UNLESS PERMITTED UNDER SECURITIES LEGISLATION, THE HOLDER OF THIS SECURITY MUST NOT TRADE THE SECURITY BEFORE THE DATE THAT IS 4 MONTHS AND A DAY AFTER THE LATER OF (I) [insert date of issuance of Warrant] AND (II) THE DATE THAT THE ISSUER BECAME A REPORTING ISSUER IN ANY PROVINCE OR TERRITORY.

If no longer required by this Section 3.10, and subject to the terms of the SPA, the legend set forth above shall be removed and the Company shall issue a certificate without such legend to the holder of the Warrant Shares upon which it is stamped.
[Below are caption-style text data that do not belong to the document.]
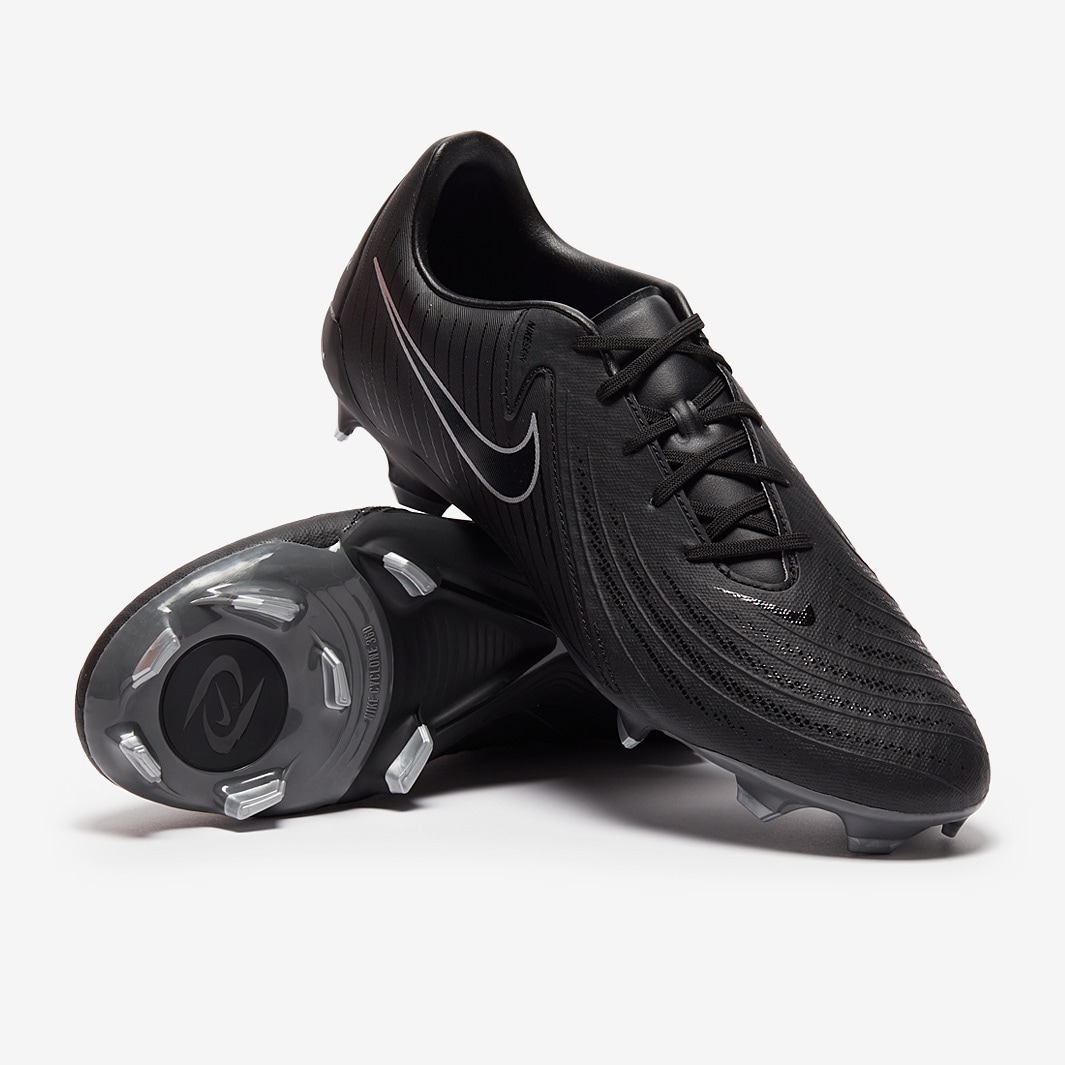 nike phantom academy black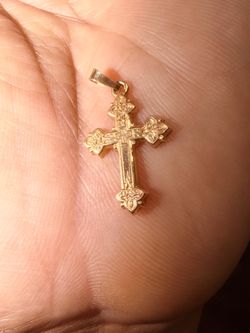 DIJE DE ORO DE 14K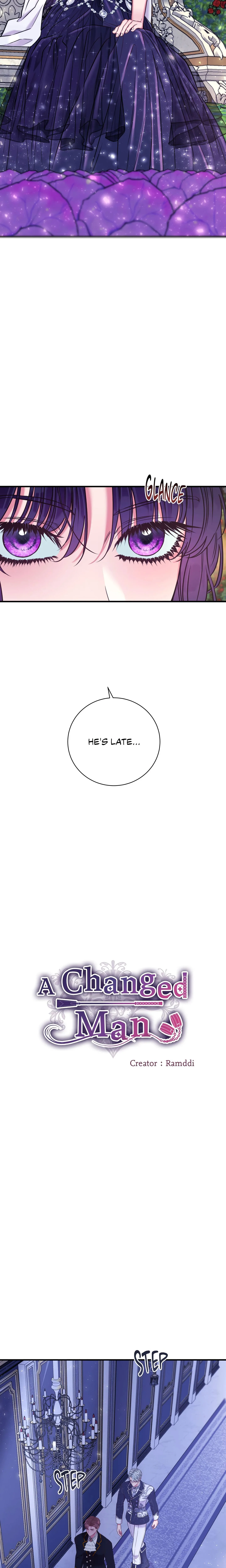 A Changed Man Chapter 60 page 13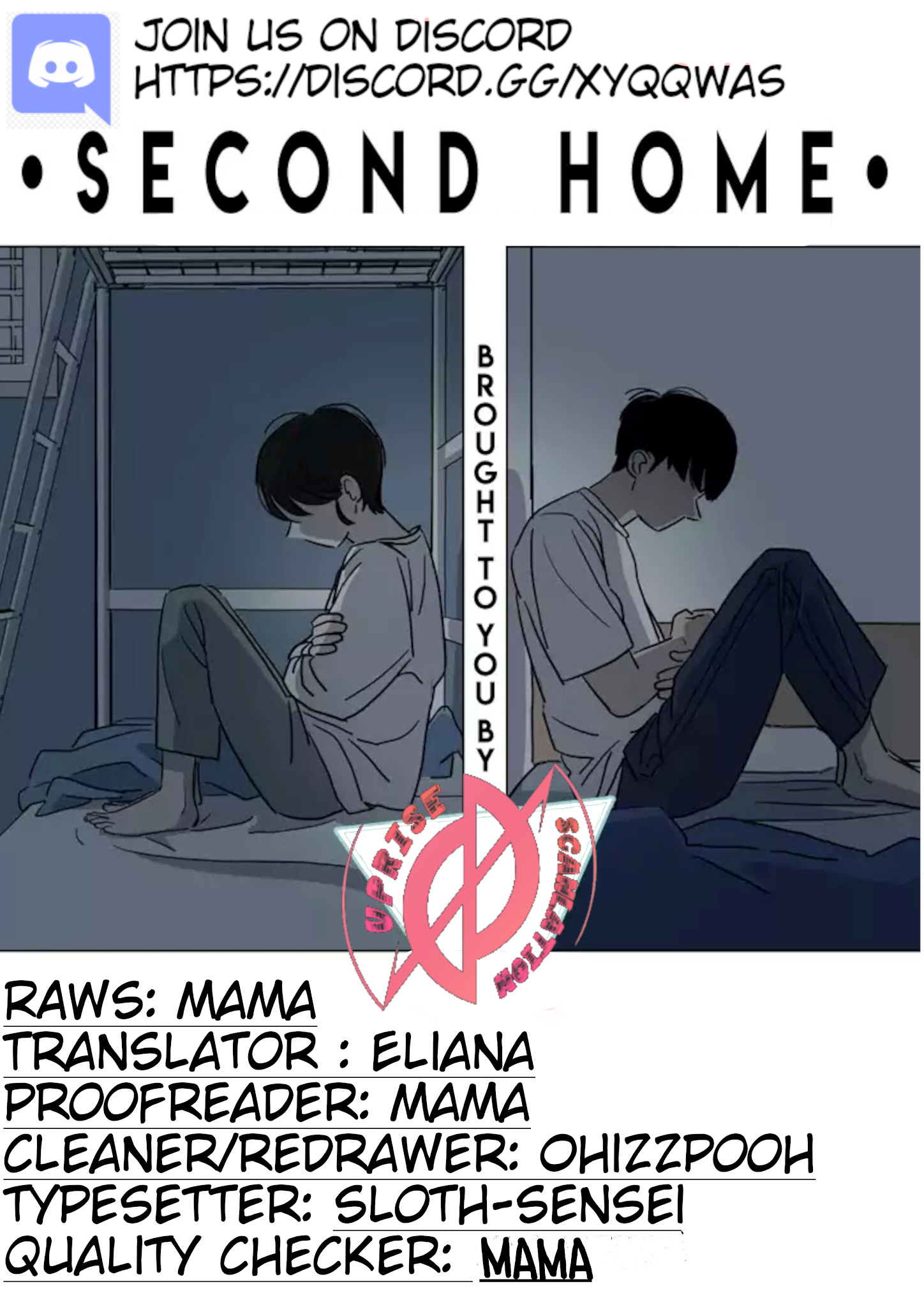 Second Home Chapter 7 #23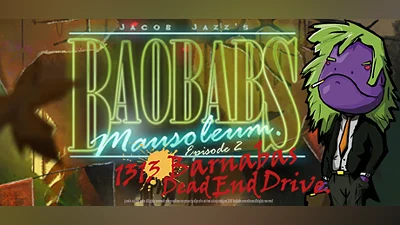 Сборник Baobabs Mausoleum Ep.2: 1313 Barnabas Dead End Drive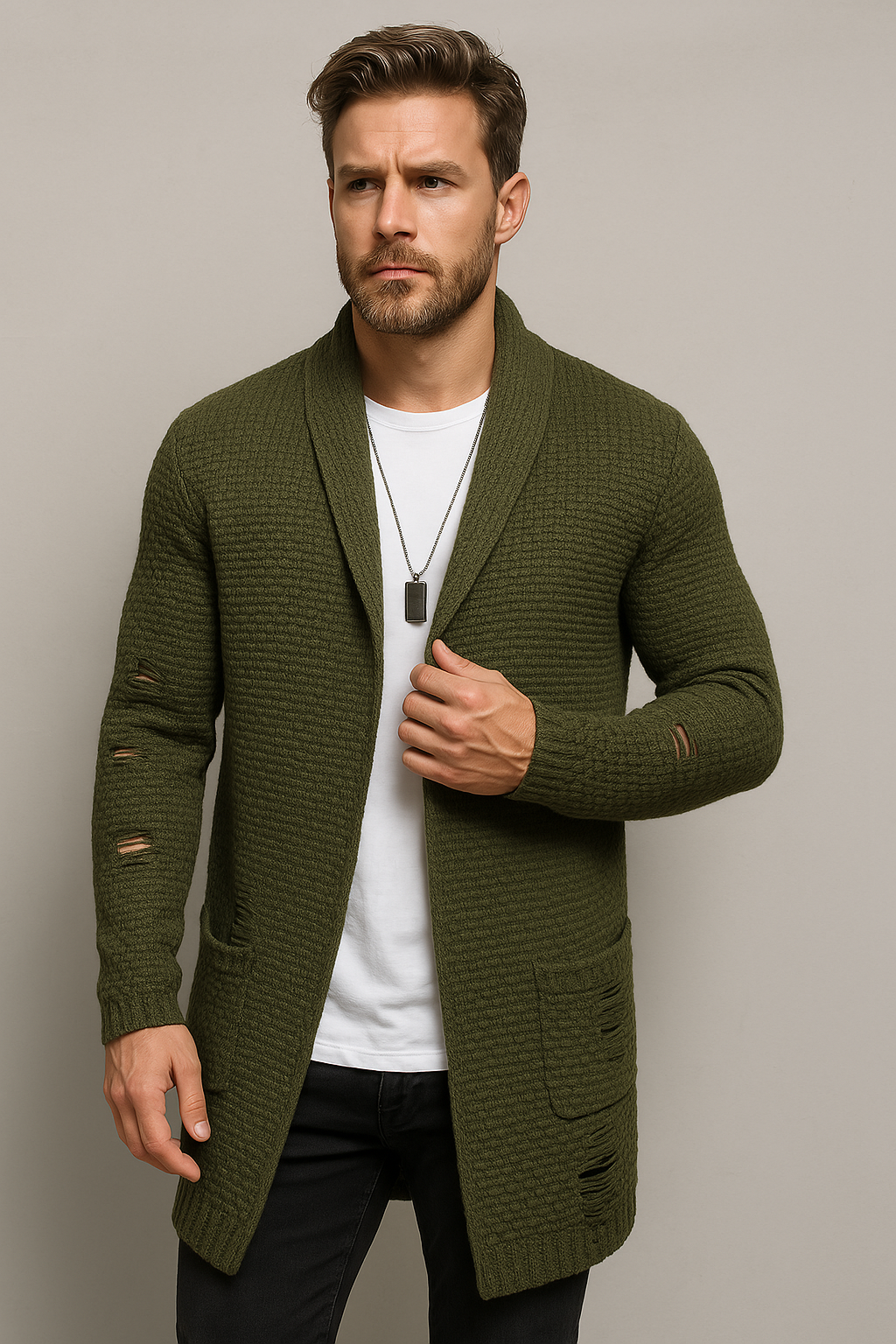 Cardigan Samicce Trench®
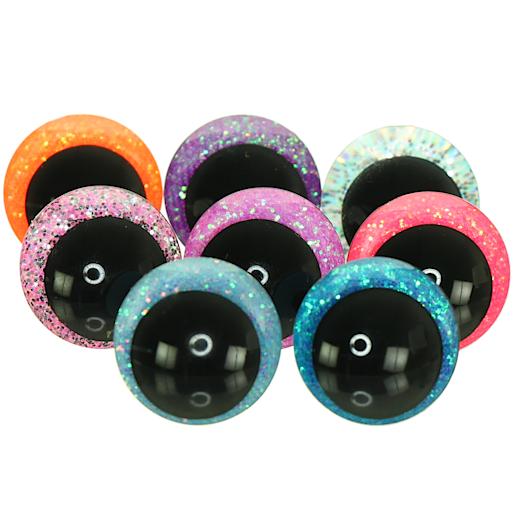 Oči s posunutou zornicí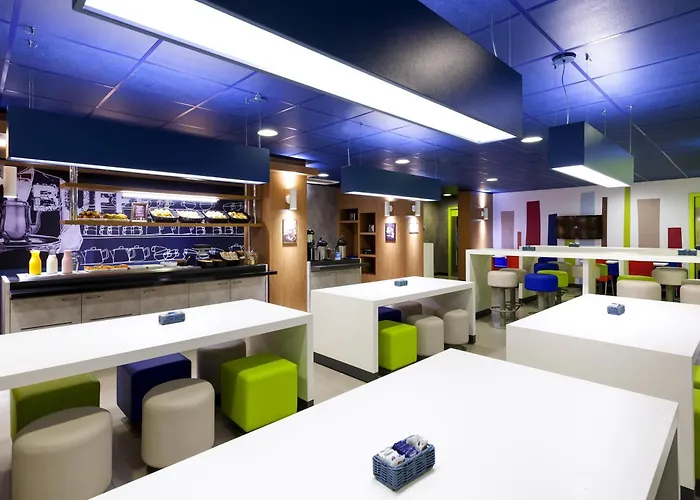 Ibis Budget Campinas Aquidaban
As soon as such legend is no longer required by this Section 3.10, the Company shall provide notice thereof to the Warrant Agent.

 

  3.10.2 Certificates evidencing the Warrant Shares (a) shall not contain the legend set forth in Section 3.10.1 (i) if the Warrant Shares are qualified by the Qualification Prospectus or (ii) if the Warrant Shares are issued prior to the issuance of a receipt for the Qualification Prospectus and at least four months have elapsed since the date of issuance of this Warrant, and (b) shall in no event contain any legend other than the legend set forth in Section 3.10.1.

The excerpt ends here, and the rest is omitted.